### Given records

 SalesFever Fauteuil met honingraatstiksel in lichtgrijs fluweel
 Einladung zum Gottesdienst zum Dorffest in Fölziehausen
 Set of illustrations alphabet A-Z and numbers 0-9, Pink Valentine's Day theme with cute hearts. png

######
### Given records

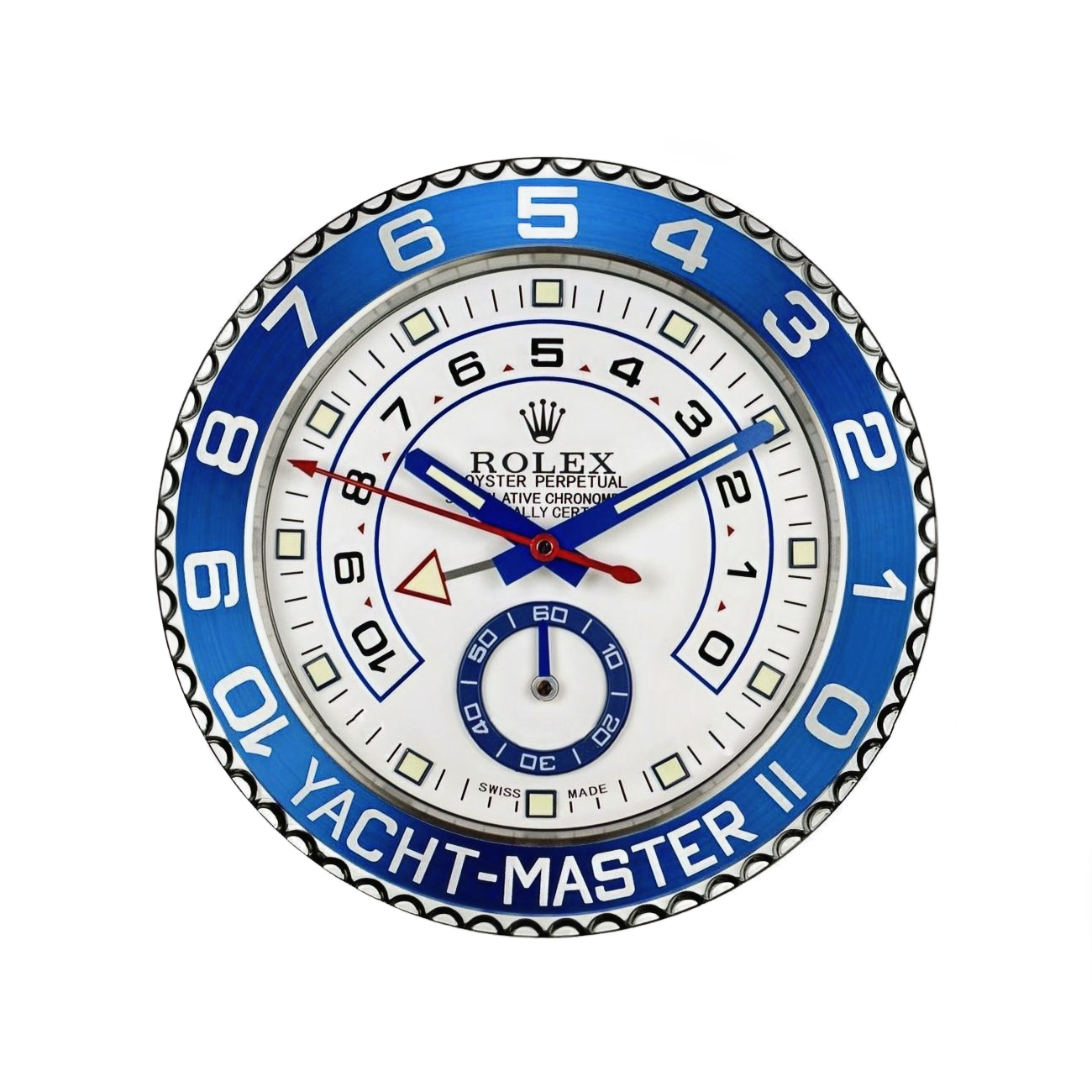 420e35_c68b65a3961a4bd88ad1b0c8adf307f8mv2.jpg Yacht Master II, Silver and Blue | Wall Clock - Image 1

######

__Work task__
Give the exact lines, and only those, from the line containing "SalesFever Fauteuil met" through the line containing "Set of illustrations" in the entries above.

__Task response__
 SalesFever Fauteuil met honingraatstiksel in lichtgrijs fluweel
 Einladung zum Gottesdienst zum Dorffest in Fölziehausen
 Set of illustrations alphabet A-Z and numbers 0-9, Pink Valentine's Day theme with cute hearts. png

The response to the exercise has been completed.